WWDC 2019: The Pregame Quiz

// Written by Jordan Morgan // May 23rd, 2019 // Read it in about 2 minutes // RE: Trivia

Dark mode, Marzipan and who knows what else await us which means we’re not far from Tim Cook and Friends revealing iOS 13 to the world. With a ton of services announcements already taken care of such as Apple TV+, Apple News+ and more - the tea leaves indicate that they’re going hard on pure API news this year.

At this point it’s all conjecture, so let’s ready up with the fifth annual Swiftjective-C WWDC Pregame Quiz!

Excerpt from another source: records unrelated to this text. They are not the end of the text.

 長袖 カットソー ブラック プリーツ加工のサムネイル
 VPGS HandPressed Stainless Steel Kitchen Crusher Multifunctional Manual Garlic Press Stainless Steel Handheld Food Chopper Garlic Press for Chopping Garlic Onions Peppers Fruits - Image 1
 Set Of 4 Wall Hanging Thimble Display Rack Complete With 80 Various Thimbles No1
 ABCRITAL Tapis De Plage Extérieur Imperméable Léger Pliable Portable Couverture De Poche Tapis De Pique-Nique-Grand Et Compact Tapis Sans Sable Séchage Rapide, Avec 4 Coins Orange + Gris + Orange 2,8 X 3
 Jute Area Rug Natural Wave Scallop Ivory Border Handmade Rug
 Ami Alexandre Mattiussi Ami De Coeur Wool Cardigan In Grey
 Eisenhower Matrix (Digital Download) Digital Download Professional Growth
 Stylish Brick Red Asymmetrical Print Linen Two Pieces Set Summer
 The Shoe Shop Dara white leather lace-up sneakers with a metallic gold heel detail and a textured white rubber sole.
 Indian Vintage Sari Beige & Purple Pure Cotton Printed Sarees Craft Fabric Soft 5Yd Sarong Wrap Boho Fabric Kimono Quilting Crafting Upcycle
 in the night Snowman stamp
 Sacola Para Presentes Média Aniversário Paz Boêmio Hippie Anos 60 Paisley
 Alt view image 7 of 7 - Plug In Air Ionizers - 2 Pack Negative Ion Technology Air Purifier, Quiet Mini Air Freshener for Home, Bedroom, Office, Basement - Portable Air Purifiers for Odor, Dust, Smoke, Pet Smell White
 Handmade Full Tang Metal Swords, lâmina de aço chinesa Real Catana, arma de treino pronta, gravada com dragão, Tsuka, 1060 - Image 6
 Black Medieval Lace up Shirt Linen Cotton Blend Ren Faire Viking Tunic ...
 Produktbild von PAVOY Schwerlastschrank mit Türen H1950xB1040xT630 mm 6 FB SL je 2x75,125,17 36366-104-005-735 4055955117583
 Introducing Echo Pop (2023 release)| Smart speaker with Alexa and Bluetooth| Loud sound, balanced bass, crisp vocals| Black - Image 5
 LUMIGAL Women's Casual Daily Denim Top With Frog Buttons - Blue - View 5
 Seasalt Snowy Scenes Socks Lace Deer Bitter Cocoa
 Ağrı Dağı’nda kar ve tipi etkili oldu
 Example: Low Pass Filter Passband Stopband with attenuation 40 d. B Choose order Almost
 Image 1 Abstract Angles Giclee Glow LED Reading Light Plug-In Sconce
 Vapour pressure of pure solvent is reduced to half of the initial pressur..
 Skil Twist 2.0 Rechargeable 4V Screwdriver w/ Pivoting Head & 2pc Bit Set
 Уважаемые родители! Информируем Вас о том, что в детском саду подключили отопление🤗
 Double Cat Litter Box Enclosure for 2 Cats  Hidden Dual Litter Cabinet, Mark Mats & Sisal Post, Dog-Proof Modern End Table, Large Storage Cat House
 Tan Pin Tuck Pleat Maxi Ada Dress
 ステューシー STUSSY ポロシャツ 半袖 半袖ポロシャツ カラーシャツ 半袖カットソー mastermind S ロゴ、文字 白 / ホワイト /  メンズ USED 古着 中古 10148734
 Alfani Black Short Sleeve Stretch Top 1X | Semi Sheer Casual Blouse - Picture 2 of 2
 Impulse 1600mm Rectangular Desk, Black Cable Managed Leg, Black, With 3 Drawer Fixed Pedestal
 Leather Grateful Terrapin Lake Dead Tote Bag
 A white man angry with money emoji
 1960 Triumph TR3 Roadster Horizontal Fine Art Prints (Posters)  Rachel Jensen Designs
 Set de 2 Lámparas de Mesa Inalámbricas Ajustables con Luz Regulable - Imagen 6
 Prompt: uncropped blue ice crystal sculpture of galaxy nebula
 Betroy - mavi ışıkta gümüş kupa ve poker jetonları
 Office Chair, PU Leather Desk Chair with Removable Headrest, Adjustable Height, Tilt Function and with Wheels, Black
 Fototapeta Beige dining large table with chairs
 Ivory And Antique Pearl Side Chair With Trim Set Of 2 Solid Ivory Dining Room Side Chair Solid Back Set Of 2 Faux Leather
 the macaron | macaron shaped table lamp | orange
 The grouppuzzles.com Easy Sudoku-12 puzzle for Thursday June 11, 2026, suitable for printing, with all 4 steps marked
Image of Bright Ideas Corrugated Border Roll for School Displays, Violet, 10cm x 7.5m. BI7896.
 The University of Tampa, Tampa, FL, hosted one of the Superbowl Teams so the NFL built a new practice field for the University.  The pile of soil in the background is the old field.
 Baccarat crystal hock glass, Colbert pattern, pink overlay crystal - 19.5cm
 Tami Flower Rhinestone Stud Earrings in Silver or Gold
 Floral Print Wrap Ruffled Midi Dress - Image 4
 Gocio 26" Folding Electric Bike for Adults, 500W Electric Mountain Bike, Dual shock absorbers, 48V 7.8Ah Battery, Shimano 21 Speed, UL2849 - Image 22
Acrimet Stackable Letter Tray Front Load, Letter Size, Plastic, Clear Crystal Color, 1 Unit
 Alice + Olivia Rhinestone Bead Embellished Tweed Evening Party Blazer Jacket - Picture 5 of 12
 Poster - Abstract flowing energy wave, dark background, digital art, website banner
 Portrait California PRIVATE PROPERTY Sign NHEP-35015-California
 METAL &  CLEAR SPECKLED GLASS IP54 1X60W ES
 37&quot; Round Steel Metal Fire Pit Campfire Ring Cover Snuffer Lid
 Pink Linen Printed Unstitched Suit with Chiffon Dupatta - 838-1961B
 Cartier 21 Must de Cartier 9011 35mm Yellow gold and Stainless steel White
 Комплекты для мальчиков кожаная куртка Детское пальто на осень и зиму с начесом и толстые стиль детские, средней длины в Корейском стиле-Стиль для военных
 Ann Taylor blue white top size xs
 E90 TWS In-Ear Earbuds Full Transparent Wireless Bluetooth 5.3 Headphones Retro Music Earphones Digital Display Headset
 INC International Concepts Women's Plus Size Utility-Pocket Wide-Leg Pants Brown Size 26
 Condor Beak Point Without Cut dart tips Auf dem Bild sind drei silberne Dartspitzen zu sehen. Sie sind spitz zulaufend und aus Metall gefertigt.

If you’d like a quick primer on how this all works or how it got started, check out the first four quizzes from 2015 ,2016, 2017 and 2018.

Now - Lets.Play(with:🔥)!

Ground Rules

There are three rounds, and the point break down is as follows:

  • Round 1 – 1 point each answer
  • Round 2 - 2 points each answer
  • Round 3 - 3 points each answer

The last question of each round is an optional wildcard question. Get it right, and your team gets 4 points, but miss it and the team will be deducted 2 points.

Round 1 — Swift Decisions

Question 1:
What’s the name of the Swift attribute, added in Swift 5 to bolster dynamic language interoperability, that allows one to call named types like you’d call functions using a simple syntactic sugar?

Example:

@(the attribute name) struct SwiftjectiveC 
{
    func showArticles(withTags: [String]) {}
}

let instance = SwiftjectiveC()

instance("Foundation", "Swift")
// This will desugar down to instance.showArticles(withTags: ["Foundation", "Swift"])

Question 2:
In Swift, variables are initialized before they are used by a concept enforced by LLVM’s optimizer. What is this concept in computer science referred to as?

Question 3:
SIMD Vector and Result types were finally added to Swift in an official capacity in what version?

Question 4:
Before Apple’s Swift was announced, there already existed a parallel programming language by the same name - who were its developers?

Wildcard:
Before Swift was a popular programming language at Apple, it was also the codename for an Apple-designed processor - which one was it?

Round 2 — iOS History 101

Question 1:
Auto Layout, long a core component of laying out user interfaces on macOS, didn’t arrive on iOS until which major release?

Question 2:
Security is a hallmark feature of iOS, and this specific feature involves placing data in random locations in memory and works alongside ARM’s XN (Execute Never) feature to prevent buffer overflow attacks - what is it?

Question 3:
When iOS was still shrouded in secrecy within Apple, how old was the youngest engineer working on iOS 1.0?

Question 4:
When the iPhone was first launched on June 29th, 2007 its operating system wasn’t yet referred to as iOS until iOS 4. What was its original name?

Wildcard:
Leading the way to haggle all of your friends who appear as green bubbles in your conversations, in which version of iOS did iMessage debut?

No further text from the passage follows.